** Opening INFORMATION SUPPLIED block **

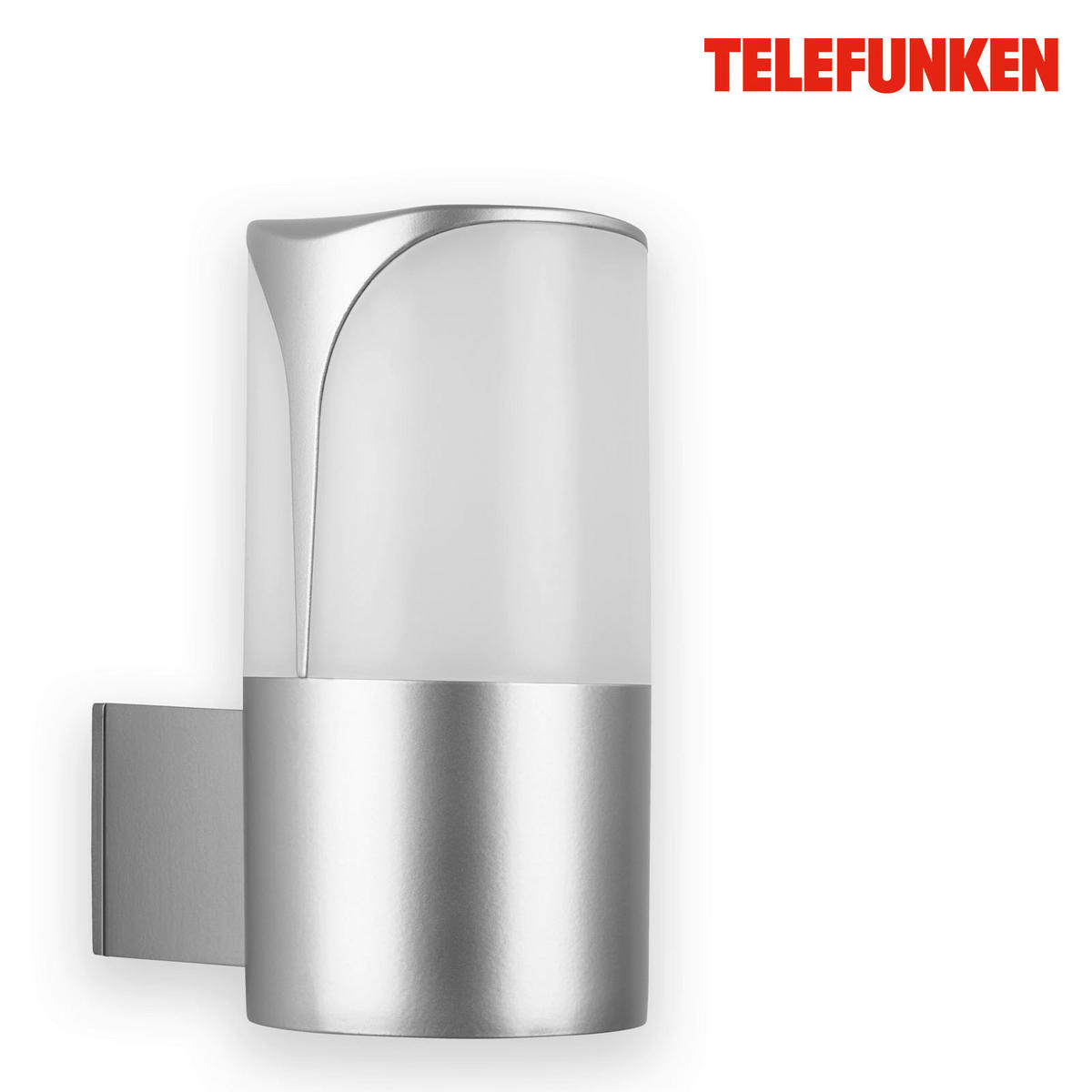 ZUNANJA STENSKA SVETILKA     18/14/9 cm          - srebrne barve, Basics, kovina/umetna masa (18/14/9cm)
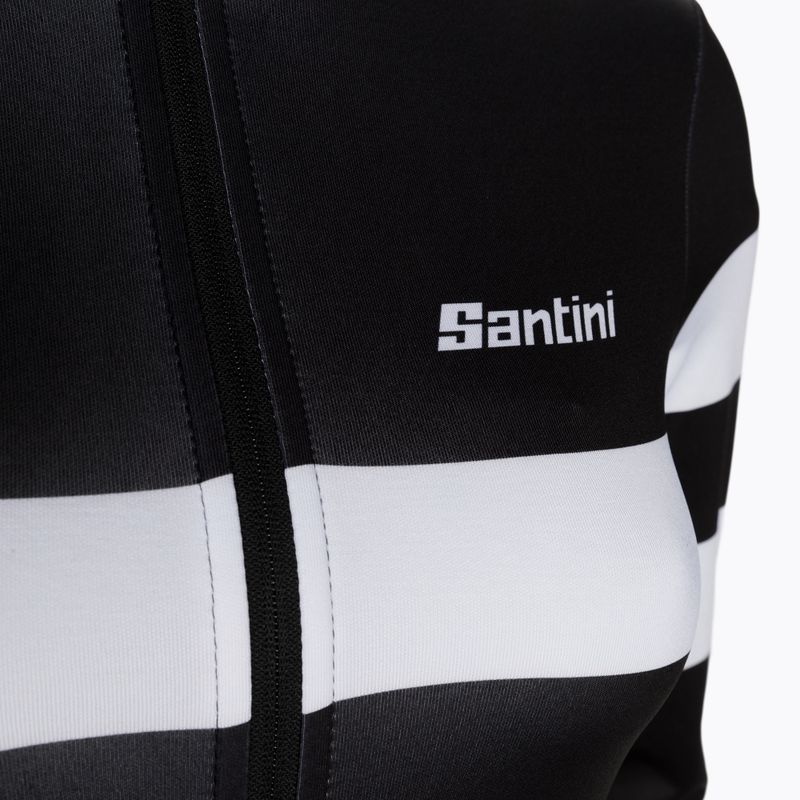 Bluza rowerowa damska Santini Coral Bengal black/white 3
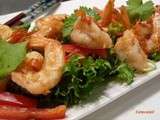 Salade de crevettes a la thai (Thaïlande)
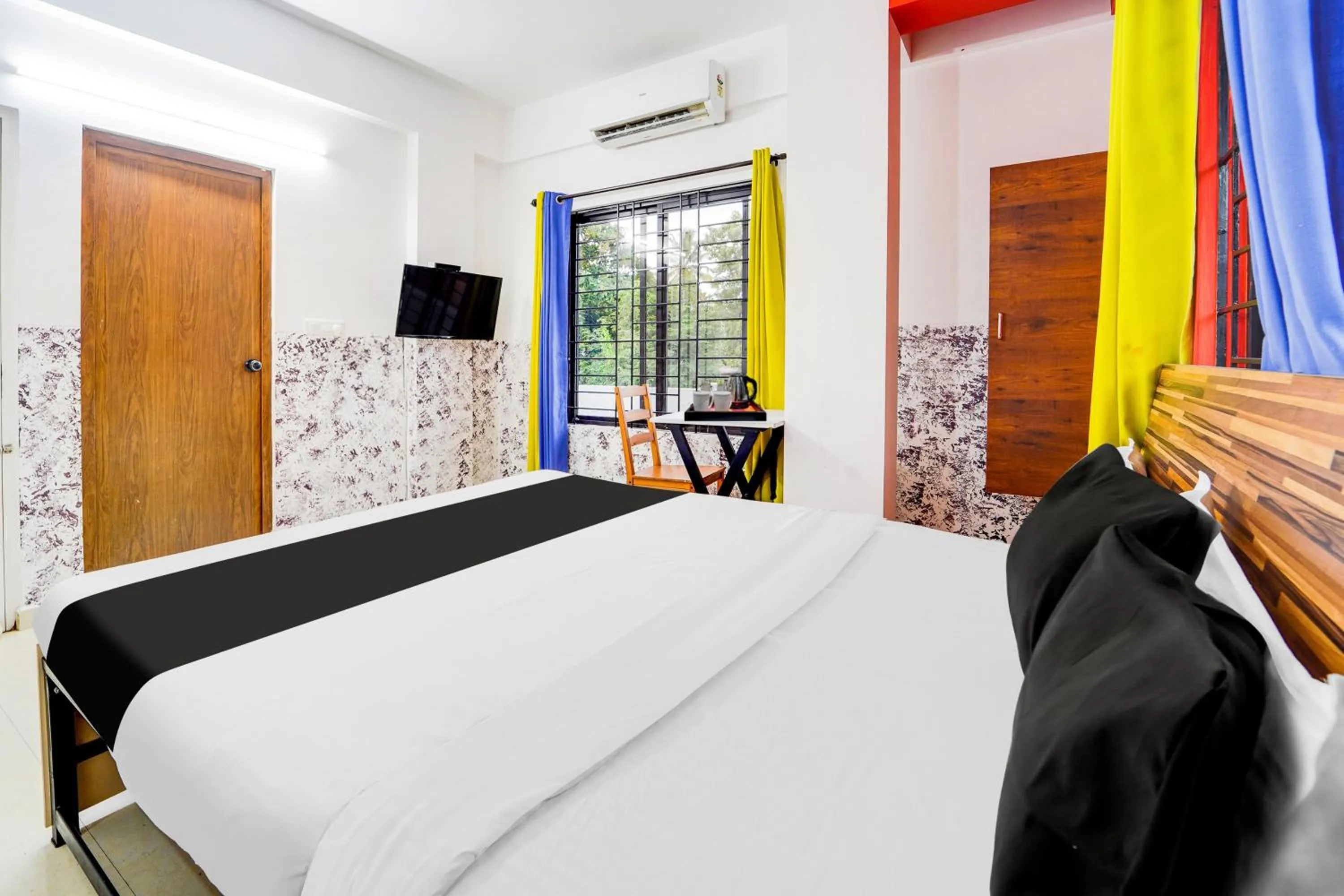 Bedroom, Bed in Hotel O Cheranelloor Aster Medicity Formerly Abriz Residency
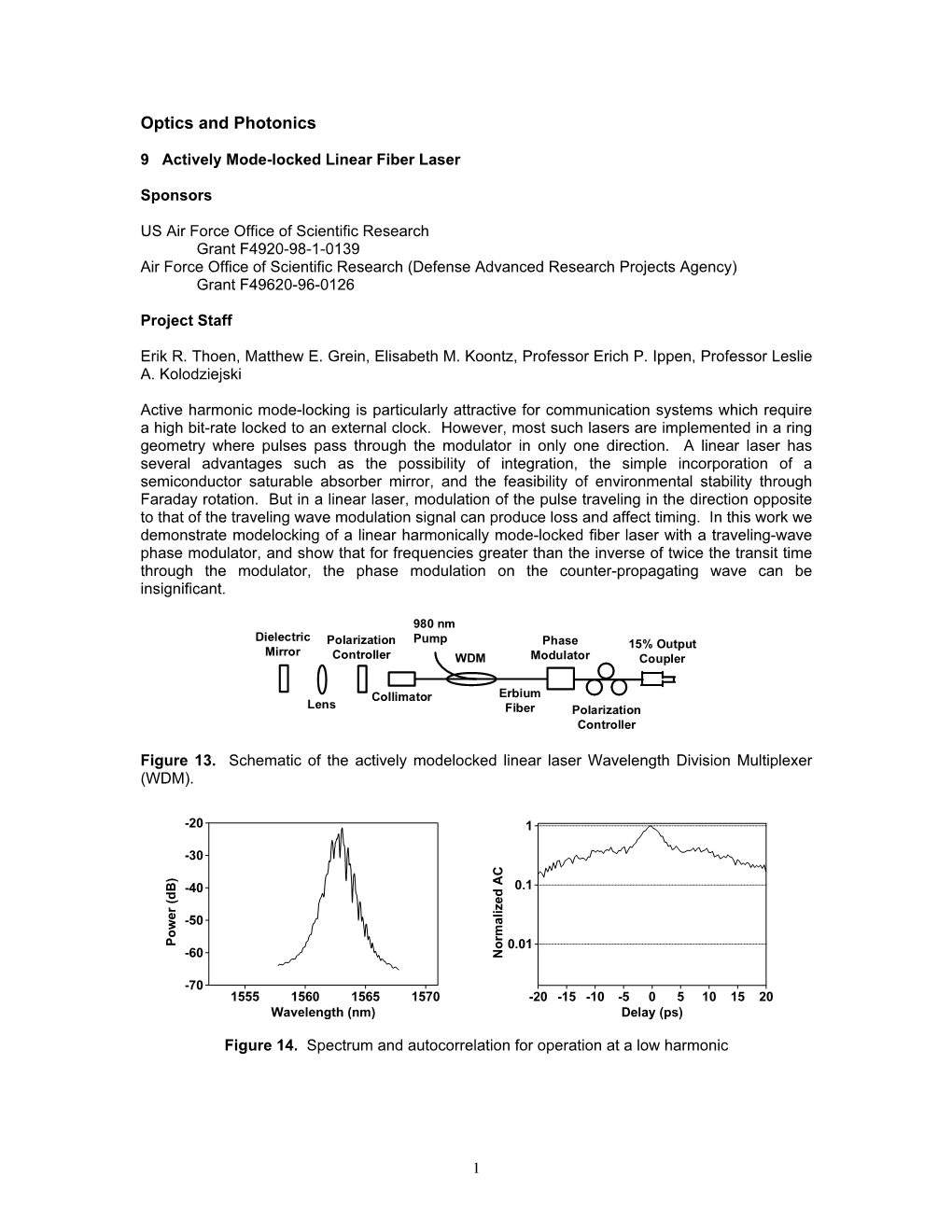 Optics and Photonics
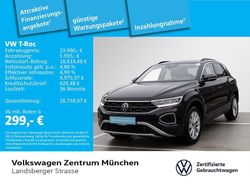 Schwarz Gebraucht 2022 VW T-Roc Life SUV | 23.980 € (Fairer Preis)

** Closing INFORMATION SUPPLIED block **

TASK ITEM — Give back every record precisely as it stands, without the images.

ANSWER FOR THE TASK —
 ZUNANJA STENSKA SVETILKA     18/14/9 cm          - srebrne barve, Basics, kovina/umetna masa (18/14/9cm)
 Bluza rowerowa damska Santini Coral Bengal black/white 3
 Salade de crevettes a la thai (Thaïlande)
 Bedroom, Bed in Hotel O Cheranelloor Aster Medicity Formerly Abriz Residency
 Optics and Photonics
 Schwarz Gebraucht 2022 VW T-Roc Life SUV | 23.980 € (Fairer Preis)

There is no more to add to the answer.